Reports that Windows Trojan Popureb requires a reinstallation of Windows are incorrect, says Microsoft
Microsoft has denied that the Popureb.E Trojan totally flattens Windows operating systems. A report yesterday implied that infected machines had to be taken down and Windows 7, Vista and XP reinstalled.
According to Microsoft, the confusion is a result of a misunderstanding of how the Trojan affects the master boot record (MBR). This is on a portion of a hard disk that stores physical details of the drive – how big the partitions are and what file format is in use. It also has the bootstrap code which is the program the computer uses to power-up and initiate the loading of the operating system.
No Reason To Reinstall
Chun Feng, an Australian researcher with the Microsoft Security Research & Response (MSRR) team, wrote a blog about how to clean this very critical region of the disk. A basic misunderstanding of what he said caused a wave of misinformation to wash over the Internet.
“There is no reason to reinstall Windows,” Jimmy Kuo, a US researcher for MSRR, told eWEEK Europe. “The problem is that readers of Chun’s blog assumed that recovering the MBR meant that you had to blow it away, including the partition table. There is a difference between the code that’s in the MBR and the partition data in there.We’re explaining to people how to use the FixMBR command and the blog has been updated.”

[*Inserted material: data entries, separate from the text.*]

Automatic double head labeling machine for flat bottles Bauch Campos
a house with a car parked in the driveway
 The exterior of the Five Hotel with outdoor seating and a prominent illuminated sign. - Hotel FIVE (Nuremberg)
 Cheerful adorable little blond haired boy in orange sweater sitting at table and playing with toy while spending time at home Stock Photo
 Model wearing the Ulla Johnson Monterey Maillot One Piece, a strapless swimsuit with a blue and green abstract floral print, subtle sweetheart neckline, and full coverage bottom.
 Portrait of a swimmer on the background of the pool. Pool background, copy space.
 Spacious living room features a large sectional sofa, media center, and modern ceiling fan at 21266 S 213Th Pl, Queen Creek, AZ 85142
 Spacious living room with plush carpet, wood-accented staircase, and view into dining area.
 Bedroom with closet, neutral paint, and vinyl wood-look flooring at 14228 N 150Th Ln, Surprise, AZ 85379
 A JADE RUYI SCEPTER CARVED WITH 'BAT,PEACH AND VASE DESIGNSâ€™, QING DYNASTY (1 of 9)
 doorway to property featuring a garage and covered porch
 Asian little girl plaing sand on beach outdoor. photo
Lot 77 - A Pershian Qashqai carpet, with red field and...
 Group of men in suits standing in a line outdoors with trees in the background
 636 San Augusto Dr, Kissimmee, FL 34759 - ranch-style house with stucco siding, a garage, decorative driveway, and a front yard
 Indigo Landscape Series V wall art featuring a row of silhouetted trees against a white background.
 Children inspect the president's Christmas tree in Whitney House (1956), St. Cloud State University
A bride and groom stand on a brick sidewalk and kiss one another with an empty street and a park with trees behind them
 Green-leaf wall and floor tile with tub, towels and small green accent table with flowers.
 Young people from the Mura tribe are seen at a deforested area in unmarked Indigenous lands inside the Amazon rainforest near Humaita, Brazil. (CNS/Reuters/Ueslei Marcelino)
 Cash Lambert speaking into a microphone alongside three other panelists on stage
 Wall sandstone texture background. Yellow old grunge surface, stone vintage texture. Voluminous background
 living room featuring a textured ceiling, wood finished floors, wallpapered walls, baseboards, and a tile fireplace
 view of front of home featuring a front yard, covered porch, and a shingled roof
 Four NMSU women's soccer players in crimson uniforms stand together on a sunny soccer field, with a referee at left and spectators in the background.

Kuo added that Popureb is “not a prevalent threat” which means that it is unlikely to be a widespread problem.
In Feng’s updated blog, he emphasises that the problem can be solved without a reinstallation being necessary.
To fix the MBR, Windows Recovery Console is used to load the BOOTREC.exe tool which is available from Microsoft. This is applied using the command bootrec.exe /fixmbr which only replaces the executable code without affecting the neighbouring disk drive format information.
Rebooting the PC and scanning for malware will remove the rest of the Trojan. Alternatively, After fixing the MBR, a System Restore can be used to return the PC to its pre-infected state.